Poland’s intelligence service said it detected attacks on five water treatment plants where hackers could have taken control of the industrial equipment inside, including, in the worst case, tampering with the safety of the water supply.

The story is relevant beyond Poland’s borders: U.S. water infrastructure has faced similar threats in recent years. In 2021, a hacker briefly gained access to a water treatment plant in Oldsmar, Florida and attempted to increase the level of sodium hydroxide — a caustic chemical — to dangerous levels. The FBI and the U.S. Cybersecurity and Infrastructure Security Agency have since warned that water utilities remain a soft target for foreign hackers.

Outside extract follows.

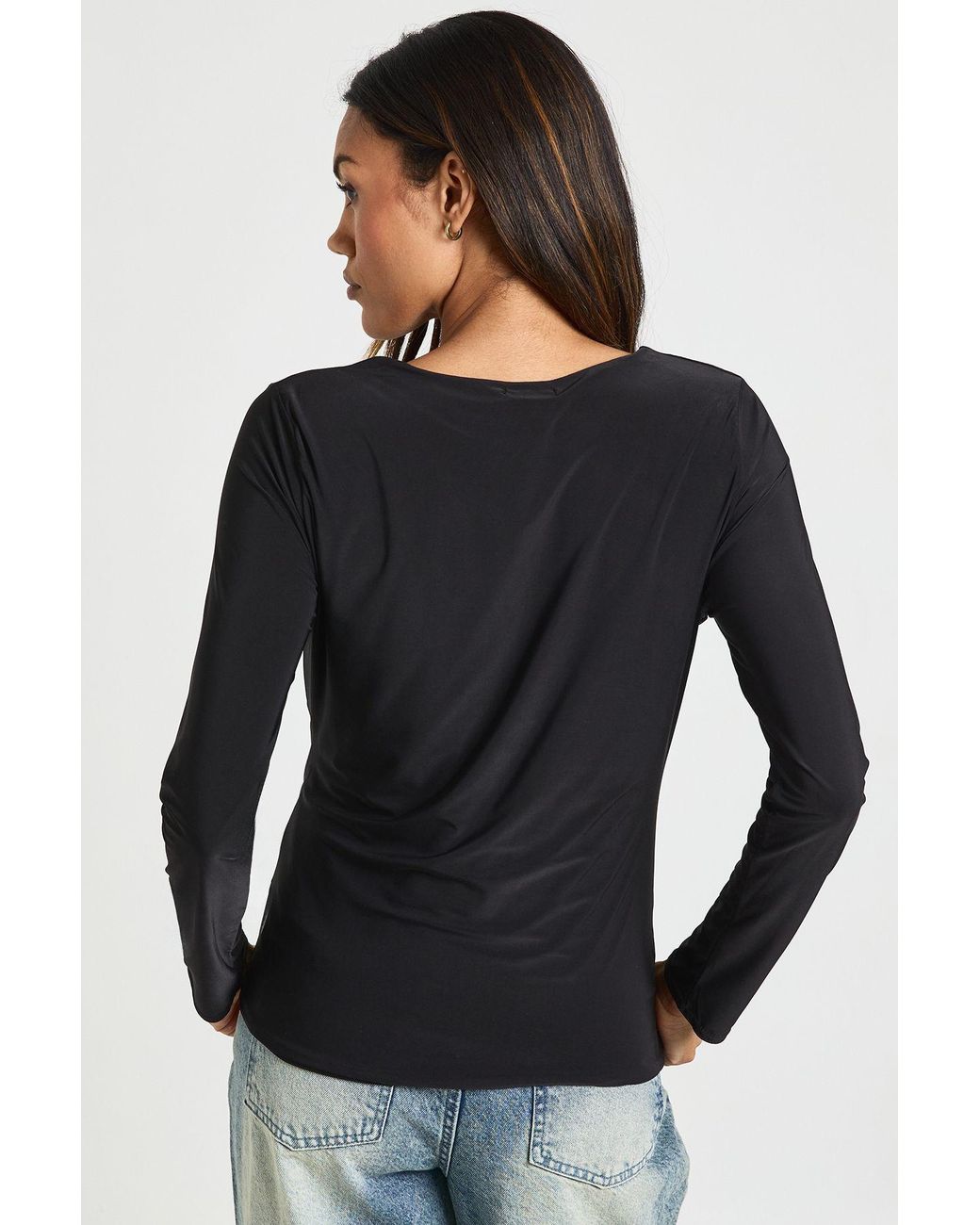 Boohoo Black Maternity Double Layer Slinky Long Sleeve T-Shirt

On Friday, Poland’s Internal Security Agency, the country’s top intelligence agency, published a report covering the last two years of the agency’s operations and threats the country faced. The report said Polish intelligence thwarted multiple acts of sabotage from Russian government spies and hackers, who targeted military facilities, critical infrastructure (essential systems such as power grids, water supplies, and transportation networks), as well as civilian targets. These attacks, according to the report, may have resulted in fatalities.  

“The most serious challenge remains the sabotage activity against Poland, inspired and organized by Russian intelligence services. This threat was (and is) real and immediate. It requires full mobilization,” read the report.

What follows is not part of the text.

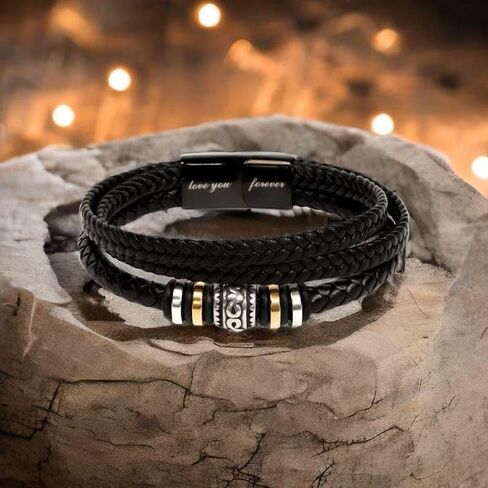 To My Son Bracelet From Mom & Dad, Cuban Link Bracelet for Son with Heartfelt Message Card & Luxury Gift Box, Birthday Graduation Gifts for Teen Boys & Men in Kuwait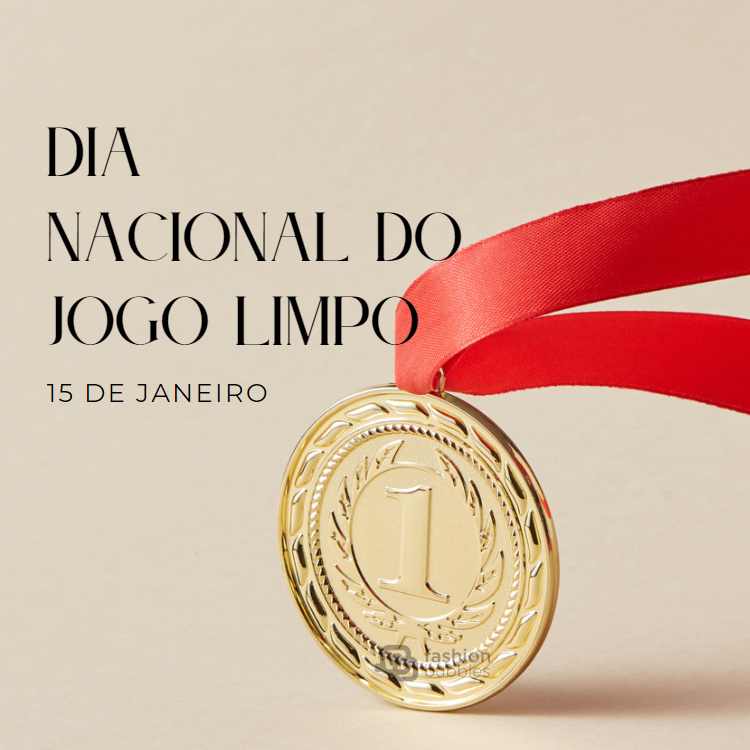 Foto de medalha de ouro com a frase "Dia Nacional do Jogo Limpo - 15 de janeiro".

The report did not specify whether the hackers behind the attacks on the water treatment facilities were Russian government spies. But Poland has recently been the target of several attempts by Russian government hackers to attack its infrastructure, including a failed attempt to bring down the country’s energy grid. That breach was later attributed to poor security controls at the targeted facilities.

Poland’s experience is part of a growing global pattern of attacks on water and energy infrastructure. As recently as last month, a joint advisory from the Cybersecurity and Infrastructure Security Agency, the FBI, the NSA, and several other federal agencies warned that Iranian-backed hackers are actively targeting programmable logic controllers — the industrial computers that run water and energy facilities — at U.S. utilities. The same Iranian hacking group, CyberAv3ngers, previously broke into digital control panels at multiple U.S. water treatment plants in Pennsylvania in 2023, in attacks that federal agencies linked to escalating hostilities in the Middle East.

In other words, the attacks against Poland are not unique, they follow a strategy that the Russian government is applying both in war zones such as Ukraine, as well as against Western countries that it sees as longstanding enemies. The plan, according to Polish intelligence, is to destabilize and weaken the West, and cyberattacks and cyberespionage are just tools in a larger toolkit for Putin’s regime.